跳到主要内容

VARIANT Data Type

TL;DR Apache Doris VARIANT is a column type for JSON whose shape changes over time. On write, Apache Doris parses each document, infers a type per JSON path, and persists hot paths as their own columnar subcolumns, defaulting to 2048 subcolumns per VARIANT column. Filters and aggregations on v['user_id'] then read one column instead of parsing the whole document. VARIANT went GA in Apache Doris 2.1.0 (March 2024), inspired by Snowflake and ClickHouse.

Apache Doris VARIANT Data Type: A column type that ingests JSON without a fixed schema, then stores hot paths as native columnar subcolumns for column-store-speed analytics.

Why use the VARIANT data type in Apache Doris?

The Apache Doris VARIANT data type ends the old trade-off between flexible JSON storage and column-store query speed. Storing JSON in an OLAP system has been a long compromise.

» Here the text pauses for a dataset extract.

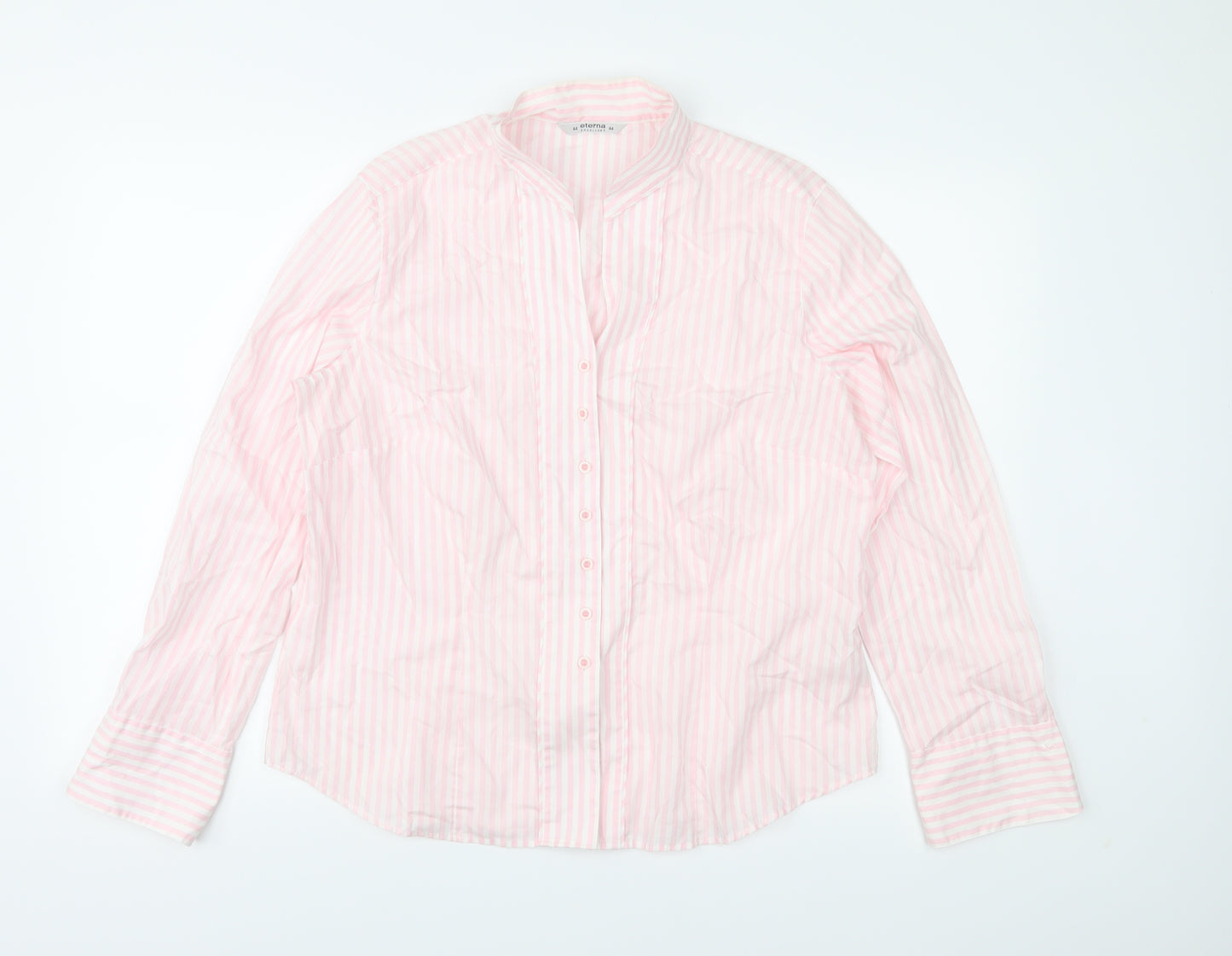 Eterna Womens Pink Striped  Basic Button-Up Size 18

  • A STRING or JSONB column keeps you flexible, but every query that touches a path parses the whole document. WHERE payload['action'] = 'opened' over a billion rows reads every byte of every payload, even if action is one short field in a fat document.
  • Static columns are fast, but only if the schema is stable. When producers add fields next sprint, you are back to ALTER TABLE migrations or a JSON sidecar column.

Apache Doris VARIANT removes the choice. You declare one column, write JSON into it, and Apache Doris quietly turns the hot paths into real columnar storage. Queries stay in SQL; on disk the table looks a lot like one you would have designed by hand.

What is the Apache Doris VARIANT data type?

The Apache Doris VARIANT data type is a semi-structured column type backed by DataTypeVariant and ColumnVariant (formerly ColumnObject, modeled on ClickHouse's design). VARIANT accepts any valid JSON value: scalars, one-dimensional arrays, and nested objects. As rows arrive, the writer builds a prefix tree of paths, infers a type per path, and writes each path as its own page-encoded, page-indexed column inside the segment. You query JSON; on disk you get one subcolumn per path.

Key terms

  • Subcolumn: an independent on-disk column generated from a JSON path. Each subcolumn has its own encoding, compression, zone map, and bloom filter, just like a static column.
  • Subcolumnization: the write-time process that promotes hot paths from JSON into subcolumns. Controlled by variant_max_subcolumns_count, default 2048.
  • Schema Template: the optional VARIANT<'path' : TYPE, ...> clause that pins selected paths to a fixed type so the storage and indexes stay stable across loads.
  • Sparse column: a shared fallback column where long-tail paths land when the path count exceeds the subcolumn budget. One physical column, many logical paths.
  • Type promotion: the rule that decides what to do when the same path arrives as INT in one row and STRING in another. Compatible types widen (TINYINT to BIGINT); incompatible types fall back to JSONB.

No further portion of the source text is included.